A survey of the petits pains au chocolat in nineteenth century cookbooks suggest a different style of chocolate dessert.  For instance, in the 1868 cookbook, La bonne cuisinière bourgeoise, by Lina Rytz née Dick, a recipe for pains au chocolat instructs one to blend chocolate into a dough with sugar and egg yolks.  Stiffly beaten egg whites are then folded in, aerating the dough.  Almond flour is then incorporated and finally the mixture is baked in a buttered form.  This seems to be more in the style of pain à la duchesse and pain à la reine,  both likely antecedent to today's éclair.  It was not until the early 20th century, when a new method of bread baking came to France, that pains au chocolat took on a different meaning in French cookbooks.

Viennese Bread and Pre-WWII Cookbooks

French bread baking underwent significant adaptations in the mid-nineteenth century with the introduction of the Vienna oven, which redistributed the oven's heat through steam injectors and a sloping floor.  It was in conjunction with Vienna bread's yeasted milk dough that I began to notice David's style of pains au chocolat in French cookbooks.  The earliest mention I found of yeasted milk dough came in the 1928 (7th edition) tome, Gastronomie pratique, written by Ali-Bab (Henri Babinski).  The recipe is titled, Petits pains viennois, or Small viennese loaves, and includes flour, yeast, salt, milk and water.  Ali-Bab says they are served at buffets and "les five o'clock tea."

In 1933, a similar recipe for Petits pains au lait appeared in La boulangerie d'aujourd'hui by Urbain Dubois.  According to Dubois, this dough is also known as fougasse, although I'm not sure why, since pain fougasse is a regional French flat bread.  In Dubois's recipe milk powder replaces the milk and butter or margarine and one egg or yellow coloring are added as well.  After this recipe, Dubois describes a variation in which the dough is wrapped around a piece of baker's chocolate.  In the 1935 classic Traité pratique de panification française et parisienne, Émile Dufour explains that pain au chocolat is made with croissant dough or fougasse dough (i.e., pain au lait, or milk bread dough).  Thus, by the mid-1930s chocolate was being added to both croissant and milk dough, although according to David, the Parisian bakeries she frequented preferred the latter.  The pains au chocolat of Elizabeth David's memory were indeed short-lived, lasting only a few decades in the first half of the 20th century.  Fortunately they are easy to prepare.

Making Pains au Chocolat

The recipe below is based on David's and includes some additional points I have found useful.

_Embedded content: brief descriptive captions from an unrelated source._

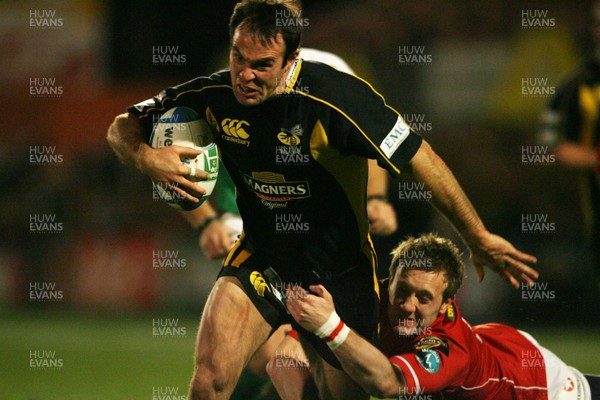 17.11.07 Llanelli  v Wasps... Llanelli's Morgan Stoddart canst stop Wasps' Fraser Waters scoring his first try. 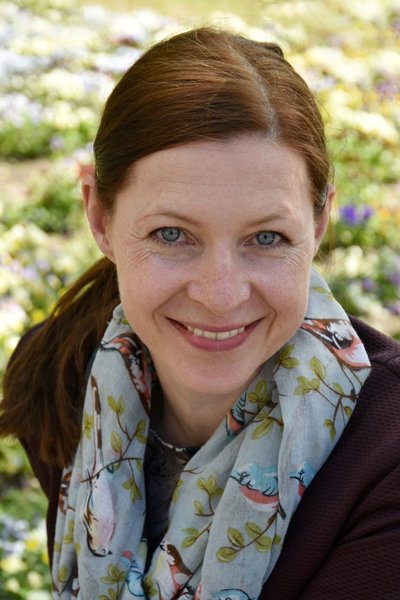 A picture of Prof. Dr. Kathrin Leuze.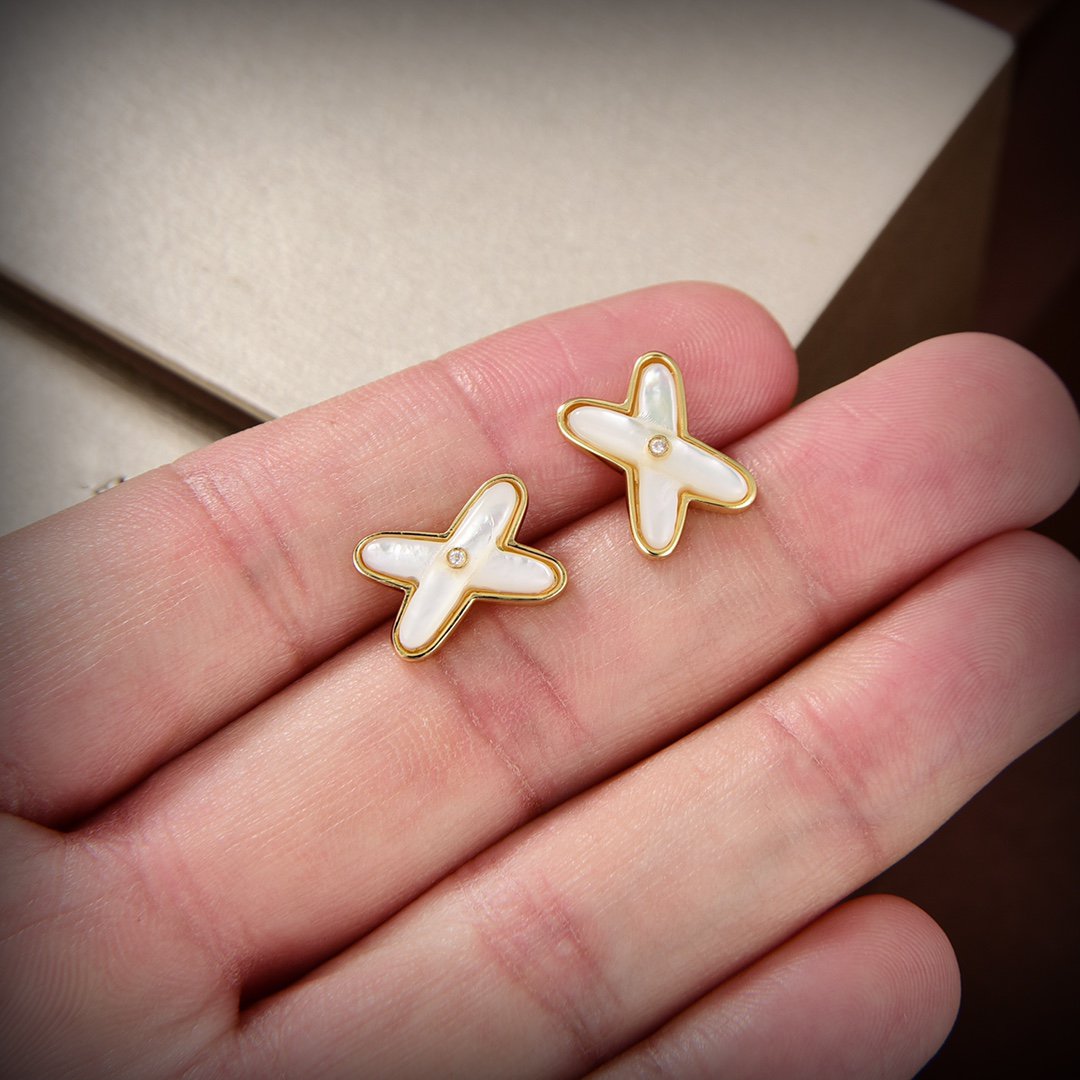 [NEU] JEUX DE WHITE POP GOLD DIAMOND EARRINGS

David says to follow the method for preparing English bap dough, found in another chapter, and I've condensed the ingredients with those instructions.  David's original recipe calls for 1/2 oz. of baker's yeast. If you are as naive about yeast as I am you will probably assume that this is a poetic synonym for Fleischmann's dry yeast.  It is not.  As David notes in her chapter on yeast, dry yeast is much more powerful than baker's yeast and as a substitute, one need use only about a half or one third of the amount of baker's yeast listed. Too much yeast yields a dense dough that stales quickly. Another important point: these are by far the most delicious pains au chocolat you may ever try but they must be eaten straight from the oven, so ignore the temptation to double the recipe and save some for later.

Recipe
Petits Pains au Chocolat

1/2 lb unbleached white flour
1/2 tsp salt
1/2 cup milk, warmed
1/2 oz. baker's yeast, or 1/4 oz. dry yeast (1 packet)
4 oz. chocolate, divided into eighths (a good quality European milk chocolate or semi-sweet chocolate bar works well)

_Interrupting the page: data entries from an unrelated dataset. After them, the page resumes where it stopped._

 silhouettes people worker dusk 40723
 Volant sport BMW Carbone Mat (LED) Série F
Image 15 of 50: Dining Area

Glaze (optional but recommended)
2 Tbs milk
2 Tbs sugar

1. Sift the flour and salt in a bowl.  Pour warm milk into a large mixing bowl, sprinkle yeast on top and stir to dissolve.  Test yeast activity with a teaspoon of sugar if necessary.  If active, bubbles will begin to appear within 10 minutes.  Add the sifted flour and mix well.  The dough will be dry and shaggy.  Knead in the bowl or on a clean surface a few times to bring the dough together smoothly.  Do not over knead-- a few times will be sufficient.  Holding the dough in your hands, shape into a smooth ball about the size of a small grapefruit.  Place dough in a large bowl, cover with a lightly dampened cloth and set in a warm spot.  Rise until doubled, about 1 hour.

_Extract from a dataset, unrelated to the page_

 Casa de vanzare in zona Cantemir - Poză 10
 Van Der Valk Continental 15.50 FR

2. Preheat oven to 400-425°.  Divide dough into eighths.  Roll out and place a piece of chocolate into the center.  Fold the dough over the chocolate, pressing the seams to seal if necessary.  Place on baking sheet, cover with cloth and let rest 15 minutes.  Remove cloth, place tray on center rack in oven and bake 15-20 minutes, until tops are golden.  Meanwhile, prepare the glaze by dissolving the sugar in warm milk.  When the bread is ready, remove from oven. Chocolate will probably have spilled out onto the baking pan-- this is perfectly fine and will be very delicious to eat off the pan. Immediately brush pains with glaze until all glaze has been used.  Serve immediately.


For more on David, see this very informative, thorough, and well written article on Elizabeth David, in the excellent online magazine, British Food in America.





Monday, September 24, 2012

"And the Dish Ran Away With the Spoon": Mythical Foodscapes in Children's Literature Part IV: Raggedy Ann in Cookie Land



In Part IIIRaggedy Ann and the Magic Wishing Pebble, many adventures followed when Raggedy Ann found a magic wishing pebble and wished for a magic ice cream soda fountain and a lollipop field. The story takes place in the countryside, a make-believe tale in the setting of the physical real world. In Raggedy Ann in Cookie Land (1931), however, the Raggedys enter a fantasy world composed entirely of cookie dough. Indeed, the setting is strikingly similar to Bunbury, the dough-based village that Dorothy stumbles upon in the Wizard of Oz (1910) discussed in Part II.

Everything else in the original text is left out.